**What needs to be done**
The listing below has to be output exactly as given, less its pictures.

**Exercise material**
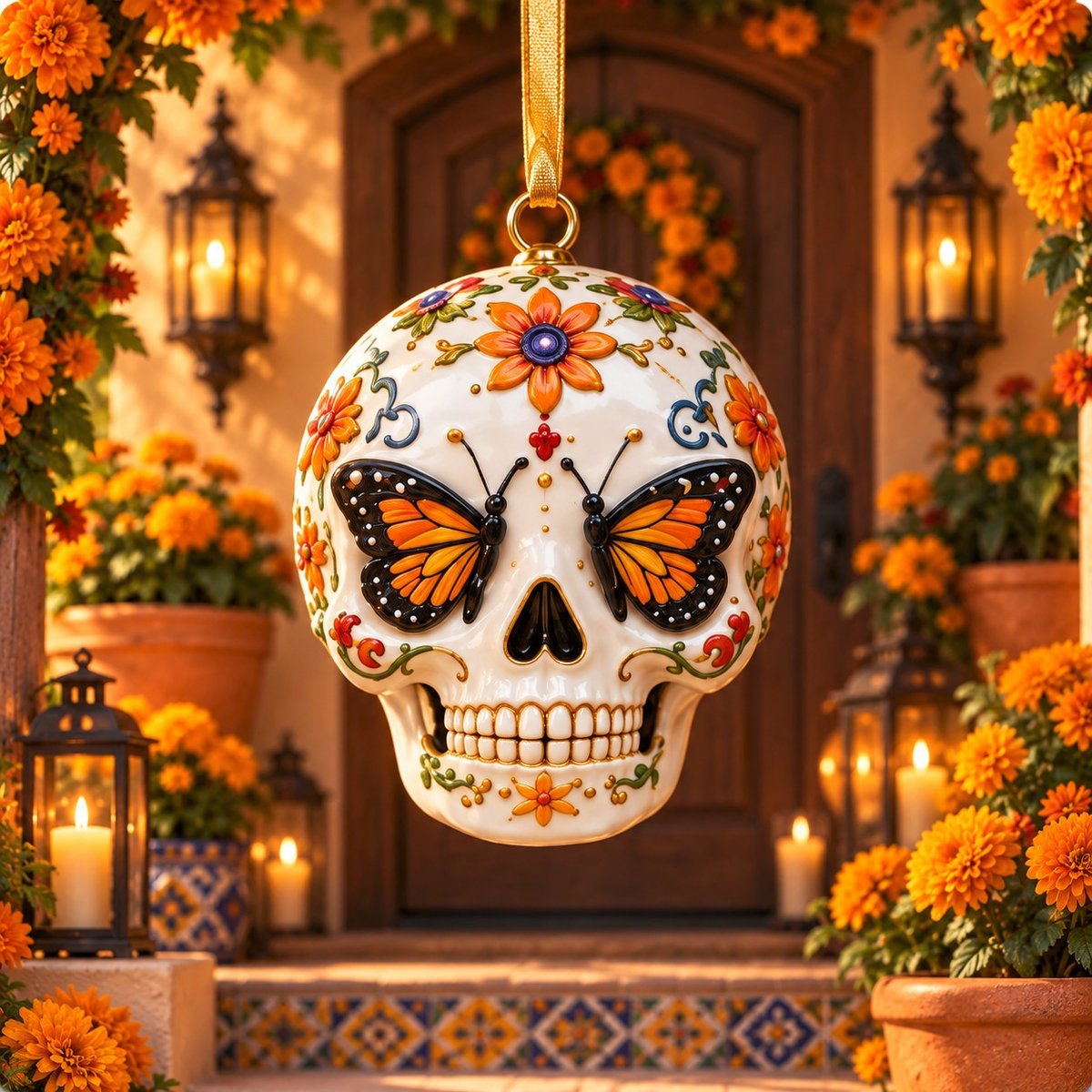 Monarch Butterfly Sugar Skull Ornament – Día de los Muertos Floral Hanging Decoration, Mexican Folk Art Day of the Dead Gift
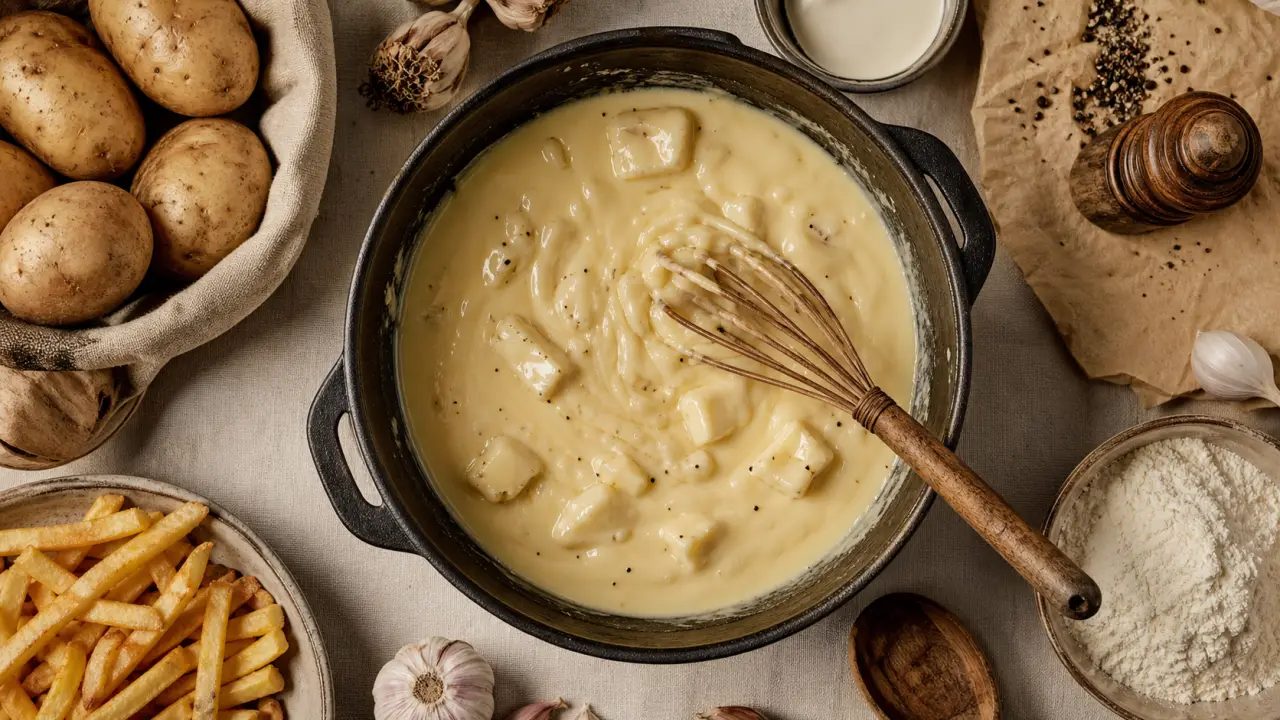 Fondue creusoise, caquelon en grès et fromage fondu nappant
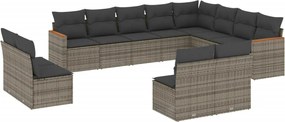 vidaXL Set canapea de grădină cu perne, 12 piese, gri, poliratan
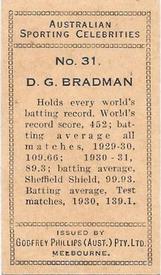 1932 Godfrey Phillips Australian Sporting Celebrities #31 Don Bradman Back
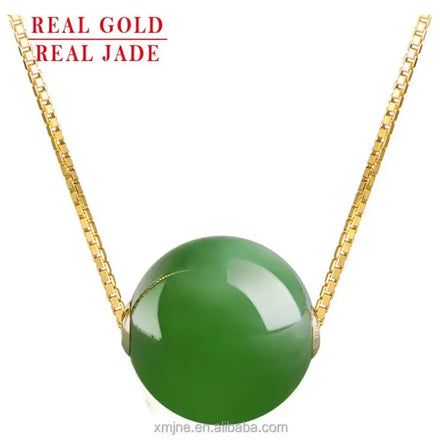 Certified Grade a Spinach Green Hetian Jade Green Jade Ball Pendant 18K Gold Natural Jade Pendant Necklace for Women
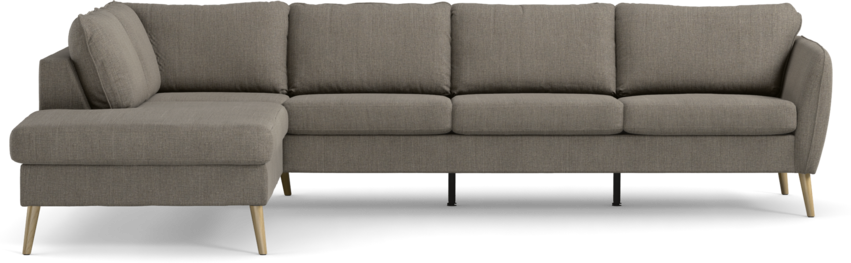 County - 3-sits soffa med divan vänster - Brun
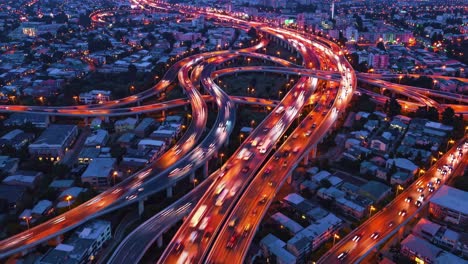 busy highway intersection at night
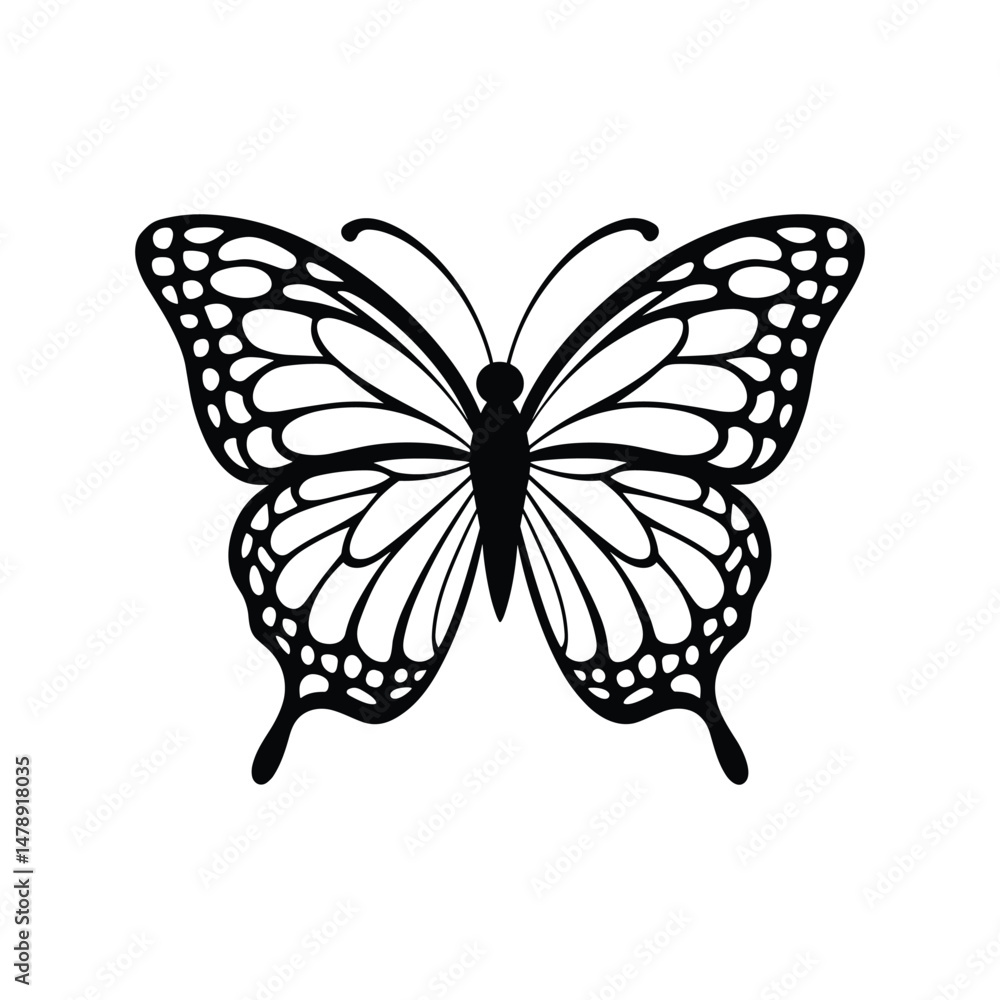 Butterfly Silhouette Vector in Black and White Butterfly Silhouette Vector in Black and White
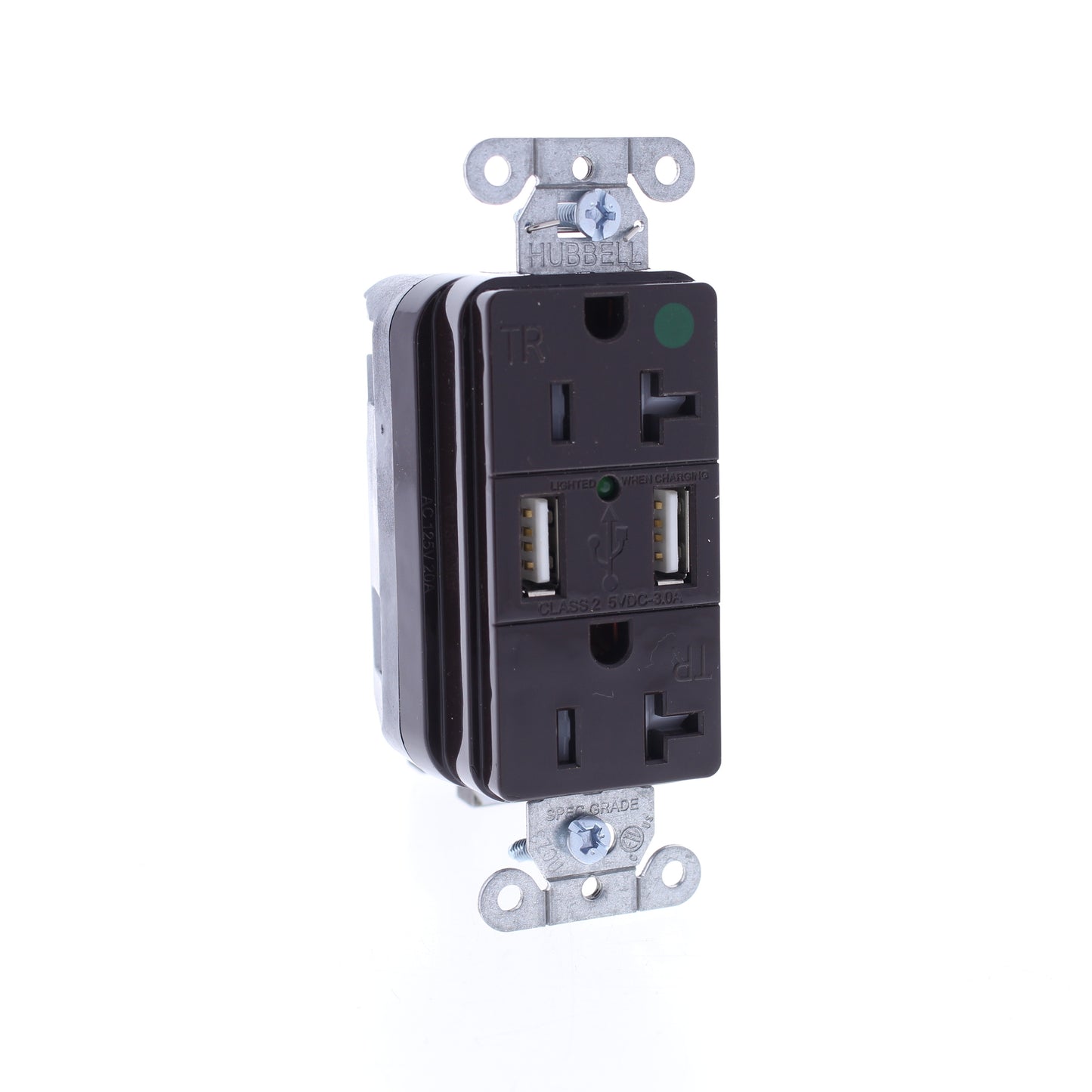 Hubbell SNAP8300USB Brown Hospital SnapConnect 20A TR Receptacles USB 10-Pack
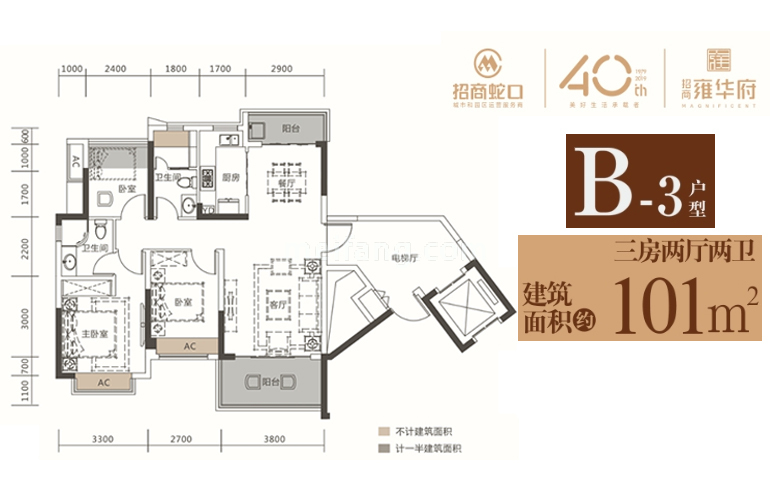 B-3户型 3房2厅2卫 建面101㎡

**Answer space**
 Monarch Butterfly Sugar Skull Ornament – Día de los Muertos Floral Hanging Decoration, Mexican Folk Art Day of the Dead Gift
 Fondue creusoise, caquelon en grès et fromage fondu nappant
 vidaXL Set canapea de grădină cu perne, 12 piese, gri, poliratan
 1932 Godfrey Phillips Australian Sporting Celebrities #31 Don Bradman Back
 Certified Grade a Spinach Green Hetian Jade Green Jade Ball Pendant 18K Gold Natural Jade Pendant Necklace for Women
 County - 3-sits soffa med divan vänster - Brun
 busy highway intersection at night
 Butterfly Silhouette Vector in Black and White Butterfly Silhouette Vector in Black and White
 Hubbell SNAP8300USB Brown Hospital SnapConnect 20A TR Receptacles USB 10-Pack
 B-3户型 3房2厅2卫 建面101㎡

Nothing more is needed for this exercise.